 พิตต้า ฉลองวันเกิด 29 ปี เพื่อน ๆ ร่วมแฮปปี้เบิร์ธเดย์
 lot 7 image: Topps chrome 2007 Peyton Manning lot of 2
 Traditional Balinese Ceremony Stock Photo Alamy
__________
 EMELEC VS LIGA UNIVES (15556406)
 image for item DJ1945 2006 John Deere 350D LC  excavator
__________
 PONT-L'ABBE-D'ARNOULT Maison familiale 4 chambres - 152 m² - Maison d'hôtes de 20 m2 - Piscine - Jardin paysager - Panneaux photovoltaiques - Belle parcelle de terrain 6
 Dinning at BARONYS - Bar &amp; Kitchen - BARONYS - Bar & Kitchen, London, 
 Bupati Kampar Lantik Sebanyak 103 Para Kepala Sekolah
__________
TASK PROMPT – Copy out, word for word, the part of the entries above that begins at the line with "EMELEC VS LIGA UNIVES (15556406)" and ends at the line with "image for item", including both.

ANSWER FOR THIS EXERCISE –
 EMELEC VS LIGA UNIVES (15556406)
 image for item DJ1945 2006 John Deere 350D LC  excavator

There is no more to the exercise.